ROUEN
La fronde des libraires normands,
par Anne Beaujour
(extrait)
« Les métiers du livre ont occupé une place non négligeable dans la géographie urbaine et l’identité même de Rouen, écrit Jean-Dominique Mellot, conservateur en chef à la Bibliothèque nationale de France, dans le Dictionnaire encyclopédique du livre dont il est un des directeurs scientifiques. Ils ont de plus contribué quantitativement et qualitativement au rayonnement de la ville et de la province de Normandie… »
Malgré l’instauration, en 1566, d’un privilège royal obligatoire pour toute nouvelle édition, qui avantage les libraires de la capitale aux dépens de la province, Rouen monte en puissance éditoriale dès le xvie siècle. Parvient, au xviie, au troisième rang des cités du livre, après Paris et Lyon : on recense alors 6 000 éditions rouennaises, contre 17 500 à Paris, plus d’une contre trois. Et rafle même la deuxième place au tournant du xviiie siècle, au plus fort de la règlementation et de la répression éditoriales. Un paradoxe, qui n’est pas le fruit du hasard…
En effet : « Il y avait à Rouen des lois locales, écrit en 1758 Jacques-Nicolas Besongne, l’un des imprimeurs-libraires rouennais les plus en vue. Les permissions tacites, ou plutôt tolérance de faire quelques livres, se demandaient à M. le premier président (du parlement de Normandie), qui souvent l’accordait, ou ne l’accordait pas. L’ouvrage ne s’en faisait pas moins… » Si bien qu’au début du xviiie siècle, 40 % au moins de la production de la capitale normande est illicite. Une performance spécifiquement rouennaise par son ampleur !

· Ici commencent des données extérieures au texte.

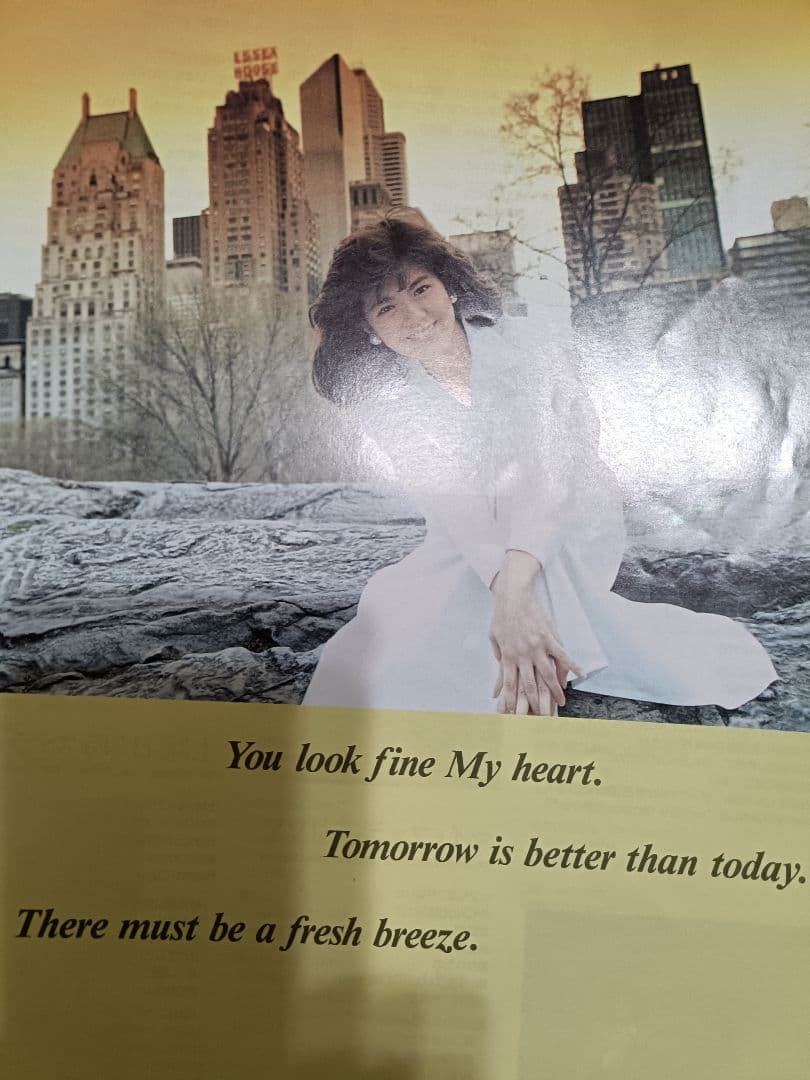 南野陽子さん　LPレコード2枚セットです。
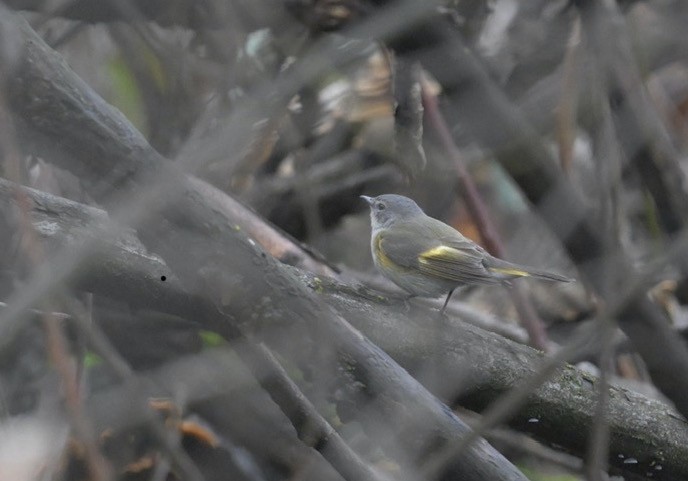 American Redstart - Donald Kirker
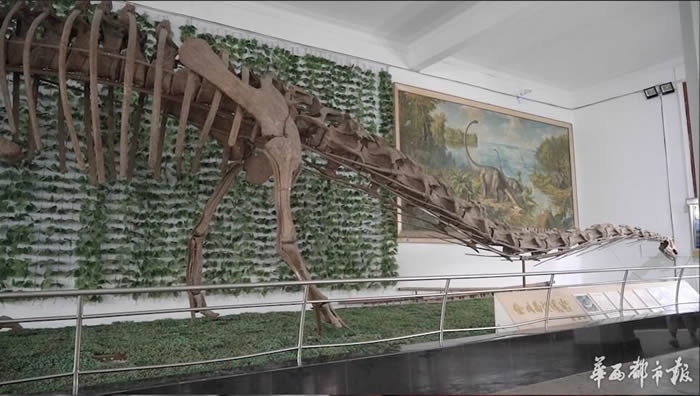 合川马门溪龙名字来历:因口音差异误将“马鸣溪”听成“马门溪”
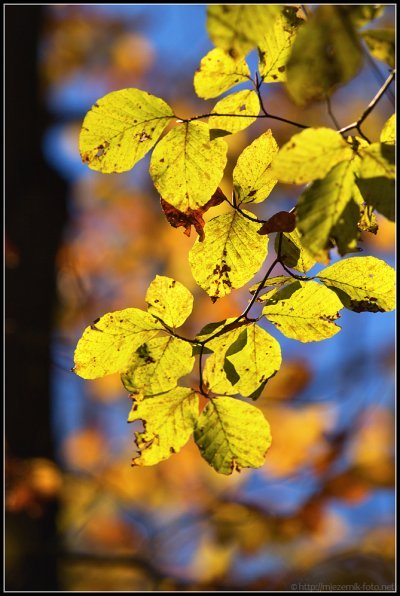 405x600xIMG_0158-as-Smart-Object-1_m.jpg.pagespeed.ic.pegWmdt7hJ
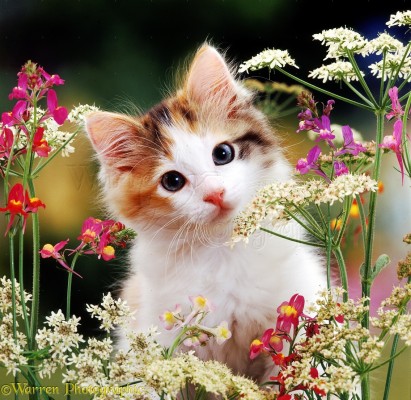Detail Anak Kucing Comel Nomer 44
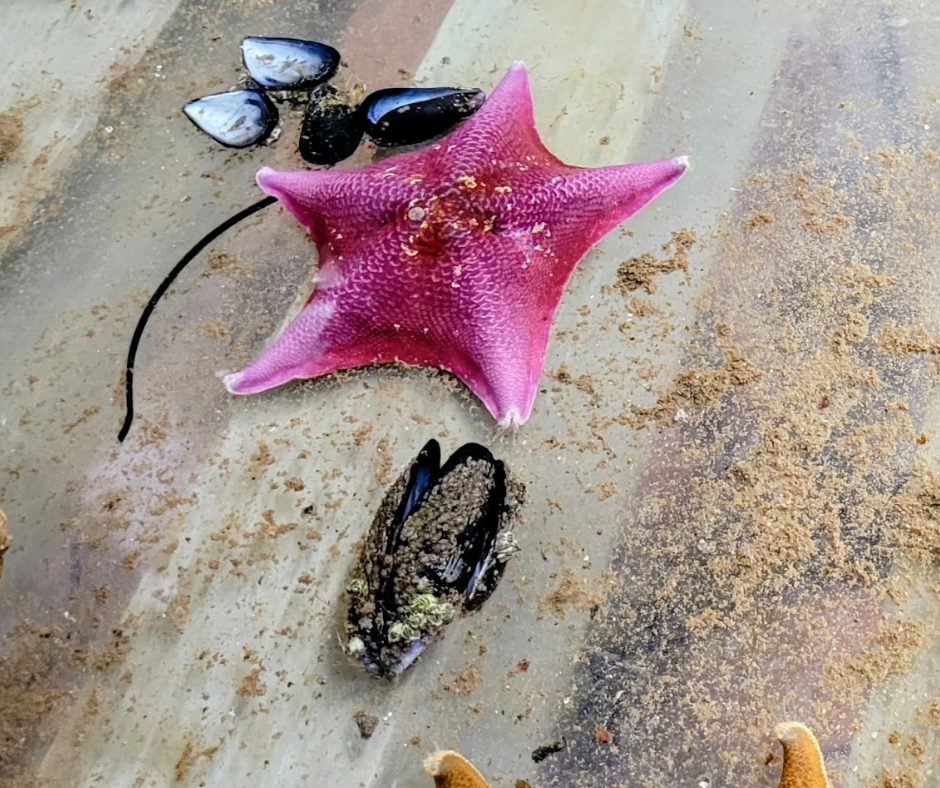 Wildlife Jewels Art of Newport Beach-74.png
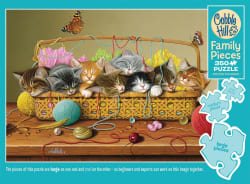 Basket Case Cats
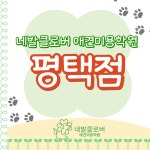 네발클로버애견미용학원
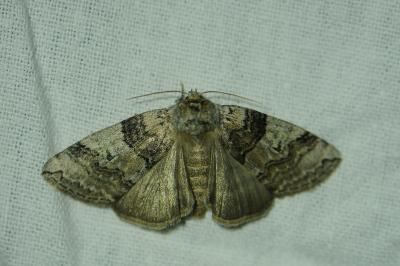 <i>Tethea or</i>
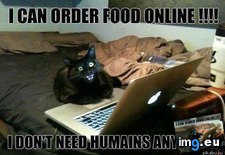 Tags: any, can, cat, food, funny, humains, humans, need, online, order (Pict. in Rehost)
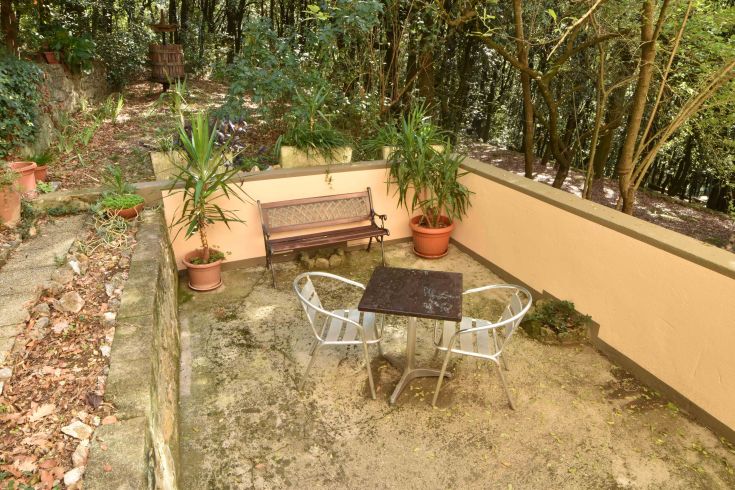 Un espace extérieur paisible avec des plantes, une table et des chaises, entouré de verdure.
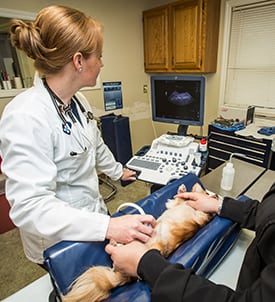 Animal Care Hopsital (22 of 152) Pet Ultrasound in Clifton Park
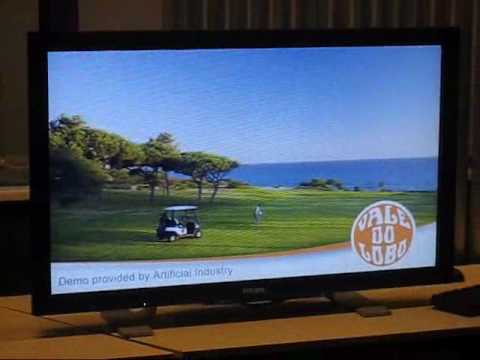Philips 3DTV demonstration
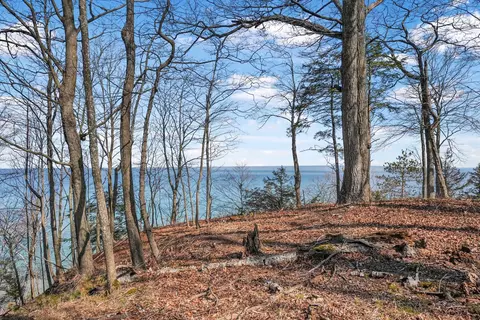lot91 Ridge, Frankfort, MI 49635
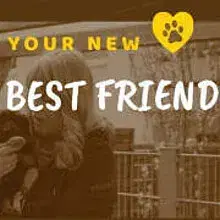 vom Casino Bond Royal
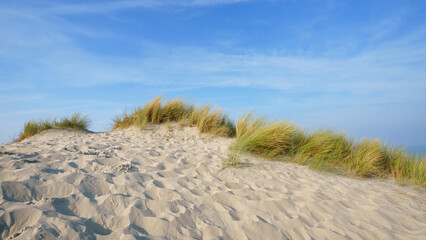 Sand dunes and beach  of Fort-Mahon-Plage. Hauts-De-France region  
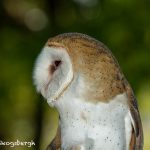 5362 Barn Owl (Tyto alba)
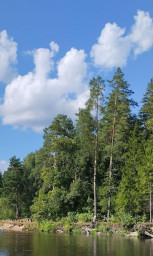 Летнее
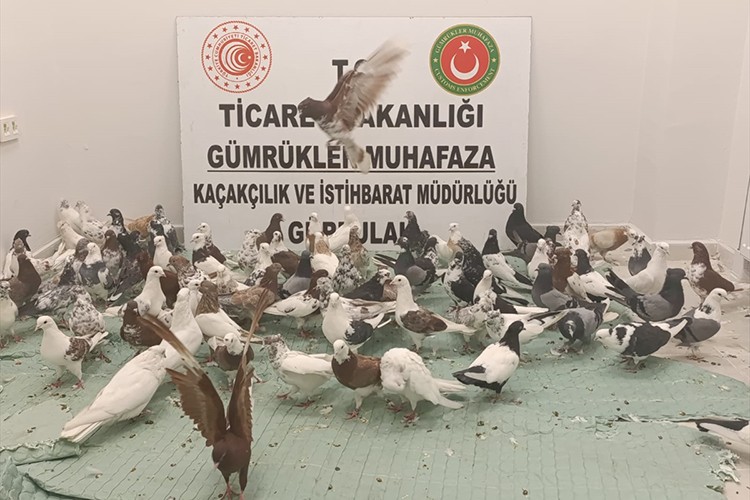 Gürbulak Gümrük Kapısı'nda "cancan" cinsi 85 güvercine el konuldu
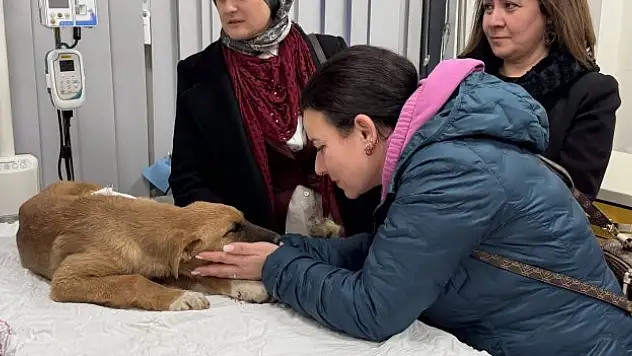 'Büyük bir algımız vardı, bunu kırdılar'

L’un des maîtres d’œuvre de ce miracle éditorial est un personnage haut en couleur. Un grand baraqué, bouillonnant et rubicond, dont le portrait trône aujourd’hui à la Bibliothèque municipale de Rouen. Pierre Le Pesant de Boisguilbert (1646-1714), cousin des Corneille et de Fontenelle, assume la charge de lieutenant général de police à Rouen. Il est censé rendre compte au Chancelier de France, le magistrat suprême, et faire appliquer les règlements et édits royaux. En cette fin du xviie, ils sont des plus contraignants pour l’édition : prolongation du privilège exclusif d’imprimer à Paris, diminuant ainsi les opportunités de réimpression pour nos éditeurs rouennais qui en vivaient plutôt bien jusqu’alors ; contingentement accru des imprimeurs dans tout le pays ; interdiction de se faire octroyer des privilèges de librairie par les parlements de province ; extension de la censure, etc. Les restrictions s’accumulent et réduisent à peau de chagrin les créneaux des éditeurs de province.